Ist es so schwer, das mal eben zu markieren?
Hier will doch keiner über 250 Zeilen durchzählen ..... 

Gruß Klaus


----------



## Joe1903 (14. Dezember 2016)

vfl_freak hat gesagt.:


> Moin,
> 
> wie schon bei Deinem anderen  Beitrag geschrieben:
> welche Zeile ist das ???
> ...


Sorry,das ist Zeile 242 in meinem obigen Post.


----------



## Joe1903 (14. Dezember 2016)

cwriter hat gesagt.:


> Warum würdest du das wollen?
> Nein, denn stdin ist != NULL. Daher würdest du in diesem if-Block mit ftell auf stdin zugreifen, was richtig doll verboten ist.
> 
> Gruss
> cwriter


Ok ich habe den Fehler gefunden und korrigiert.Jetzt funktioniert alles prima.Lediglich das Verhalten des Programms hat sich geändert:
Zuvor kam die Ausgabe bei Ctrl+D, nun kommst es bei Enter.Was muss ich ändern,damit es wieder so ist wie zuvor?Und die Reihenfolge der Wörter ist ja alphabetisch absteigend.
Ich möchte aber,dass bei Wörtern mit derselben Häufigkeit alphabetsich aufsteigend ist.An welcher Stelle kann ich das ändern?


----------



## cwriter (14. Dezember 2016)

Joe1903 hat gesagt.:


> Zuvor kam die Ausgabe bei Ctrl+D, nun kommst es bei Enter.

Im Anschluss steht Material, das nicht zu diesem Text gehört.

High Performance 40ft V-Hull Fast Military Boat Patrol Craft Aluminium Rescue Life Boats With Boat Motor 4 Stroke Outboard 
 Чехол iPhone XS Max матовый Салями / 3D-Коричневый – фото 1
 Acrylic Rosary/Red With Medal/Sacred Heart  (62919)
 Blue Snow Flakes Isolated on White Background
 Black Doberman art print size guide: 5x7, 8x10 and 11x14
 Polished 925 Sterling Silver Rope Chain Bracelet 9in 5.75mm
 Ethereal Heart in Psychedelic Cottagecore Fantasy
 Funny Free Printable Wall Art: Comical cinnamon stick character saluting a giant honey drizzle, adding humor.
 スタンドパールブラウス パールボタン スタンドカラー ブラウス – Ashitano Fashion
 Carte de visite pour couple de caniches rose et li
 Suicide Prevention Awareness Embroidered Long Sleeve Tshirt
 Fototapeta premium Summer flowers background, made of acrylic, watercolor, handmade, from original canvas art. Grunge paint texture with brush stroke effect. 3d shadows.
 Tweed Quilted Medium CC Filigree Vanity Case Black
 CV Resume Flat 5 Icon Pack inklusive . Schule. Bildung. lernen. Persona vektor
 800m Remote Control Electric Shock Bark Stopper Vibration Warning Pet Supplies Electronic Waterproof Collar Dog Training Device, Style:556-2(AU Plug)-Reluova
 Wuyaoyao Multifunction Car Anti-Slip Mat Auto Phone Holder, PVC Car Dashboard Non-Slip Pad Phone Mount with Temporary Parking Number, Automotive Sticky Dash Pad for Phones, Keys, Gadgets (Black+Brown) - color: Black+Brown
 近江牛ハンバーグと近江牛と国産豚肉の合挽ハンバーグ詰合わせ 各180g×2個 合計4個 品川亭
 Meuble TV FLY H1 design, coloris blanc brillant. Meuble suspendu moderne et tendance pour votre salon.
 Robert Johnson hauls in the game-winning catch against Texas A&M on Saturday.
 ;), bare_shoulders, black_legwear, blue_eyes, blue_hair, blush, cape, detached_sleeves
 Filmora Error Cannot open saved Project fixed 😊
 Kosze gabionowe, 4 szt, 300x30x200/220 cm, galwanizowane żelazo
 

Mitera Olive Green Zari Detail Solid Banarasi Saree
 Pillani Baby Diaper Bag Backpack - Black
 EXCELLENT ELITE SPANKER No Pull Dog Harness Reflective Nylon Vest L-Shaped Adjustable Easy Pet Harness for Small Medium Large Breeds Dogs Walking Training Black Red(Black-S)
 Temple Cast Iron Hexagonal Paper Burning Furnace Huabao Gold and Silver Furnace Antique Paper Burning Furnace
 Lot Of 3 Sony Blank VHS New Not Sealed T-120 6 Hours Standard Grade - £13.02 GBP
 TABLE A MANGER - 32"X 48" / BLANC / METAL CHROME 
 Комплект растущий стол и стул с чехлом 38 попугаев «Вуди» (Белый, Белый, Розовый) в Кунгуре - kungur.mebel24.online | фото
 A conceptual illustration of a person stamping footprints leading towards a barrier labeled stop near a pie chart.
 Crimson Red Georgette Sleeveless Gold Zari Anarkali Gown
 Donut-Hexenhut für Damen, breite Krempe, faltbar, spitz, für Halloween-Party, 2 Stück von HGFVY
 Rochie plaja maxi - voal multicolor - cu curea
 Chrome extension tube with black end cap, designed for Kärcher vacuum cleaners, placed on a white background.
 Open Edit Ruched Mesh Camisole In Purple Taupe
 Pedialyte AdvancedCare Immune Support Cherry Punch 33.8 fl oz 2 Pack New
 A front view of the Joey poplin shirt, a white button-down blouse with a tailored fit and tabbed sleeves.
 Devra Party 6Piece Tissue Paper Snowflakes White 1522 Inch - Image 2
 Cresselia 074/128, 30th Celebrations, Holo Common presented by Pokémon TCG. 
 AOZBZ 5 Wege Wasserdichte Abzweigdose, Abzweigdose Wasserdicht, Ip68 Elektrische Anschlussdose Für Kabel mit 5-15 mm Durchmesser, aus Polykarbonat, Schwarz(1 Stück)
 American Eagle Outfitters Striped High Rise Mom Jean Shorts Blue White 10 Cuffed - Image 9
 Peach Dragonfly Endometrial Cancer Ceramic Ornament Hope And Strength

Ach, du willst mehrere Zeilen lesen?
Dann kannst du einfach das "else break;" entfernen. Bei dir Zeile 254.
Danach solltest du auf dieser Zeile ein Buf=bufbase + strlen(bufbase); hinmachen. Nicht optimal, aber es sollte gehen. Eine Optimierung wäre, wenn du direkt nach dem fgets() "size_t t = strlen(Buf)" bestimmen würdest und dann direkt nach dem if-Block ein Buf += t; machen würdest. Aber beides ist nicht optimal.
Dann hättest du wirklich die gesamte Eingabe im Speicher, und da wäre fread besser, da es dir sagt, wieviel gelesen wurde. Wenn du nur jede Zeile ganz haben willst, dann kannst du statt des "else break;" ein "else {Buf=bufbase; /*dein strtok-code von weiter unten*/}" schreiben.



Joe1903 hat gesagt.:


> Und die Reihenfolge der Wörter ist ja alphabetisch absteigend.


Na wenn du das sagst 



Joe1903 hat gesagt.:


> Ich möchte aber,dass bei Wörtern mit derselben Häufigkeit alphabetsich aufsteigend ist.


Scheint etwas mit dem Baum und nicht mehr mit dem fgets() zu tun haben.



Joe1903 hat gesagt.:


> An welcher Stelle kann ich das ändern?


Nun, ich schätze, dass da ein Fehler in Zeile 182 und oder 186 ist. Sollte ja wohl nicht dasselbe da stehen, oder?

Aber hier sind wir eigentlich schon bei was anderem als beim "dynamischen fgets()".
Du solltest in Betracht ziehen, dafür ein eigenes Thema (unabhängig von diesem hier) zu erstellen, damit sich Leute, die sich für fgets() interessieren, nicht mit Bäumen herumschlagen müssen und umgekehrt.

Gruss
cwriter


----------



## Joe1903 (22. Dezember 2016)

cwriter hat gesagt.:


> Warum würdest du das wollen?
> Nein, denn stdin ist != NULL. Daher würdest du in diesem if-Block mit ftell auf stdin zugreifen, was richtig doll verboten ist.
> 
> Gruss
> cwriter


Hi cwriter.
Ich habe den Code von dir in den Rest eingebaut und so geändert, dass es dem restlichen Code entspricht ("same behaviour").
Kannst du mal kurz anschauen,ob es OK wäre? Für mich ist es OK,aber ich hätte gerne deine Meinung gehört.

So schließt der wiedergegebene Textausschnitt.